Only, if a man has
not love enough to make a hero of him, what is he to do?
He was away a month, and came back in seeming health and spirits.
But it was no small relief to him to find on his arrival that
Letty was no longer at Thornwick.
She had gone through a sore time. To have made Godfrey unhappy,
made her miserable; but how was she to help it? She belonged to
Tom! Not once did she entertain the thought of ceasing to be
Tom's. She did not even say to herself, what would Tom do if she
forgot and forsook him--and for what he could not help! for
having left her because death took him away! But what was she to
do? She must not remain where she was. No more must she tell his
mother why she went.
She wrote to Mary, and told her she could not stay much longer.

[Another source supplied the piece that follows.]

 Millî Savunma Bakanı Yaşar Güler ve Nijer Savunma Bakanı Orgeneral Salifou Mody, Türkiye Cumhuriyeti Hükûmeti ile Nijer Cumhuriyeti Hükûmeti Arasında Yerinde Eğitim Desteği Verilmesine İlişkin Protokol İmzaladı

They were very kind, she said, but she must be gone before
Godfrey came back.
Mary suspected the truth. The fact that Letty did not give her
any reason was almost enough. The supposition also rendered
intelligible the strange mixture of misery and hardness in
Godfrey's behavior at the time of Letty's old mishap. She
answered, begging her to keep her mind easy about the future, and
her friend informed of whatever concerned her.
This much from Mary was enough to set Letty at comparative ease.
She began to recover strength, and was able to write a letter to
Godfrey, to leave where he would find it, in his study.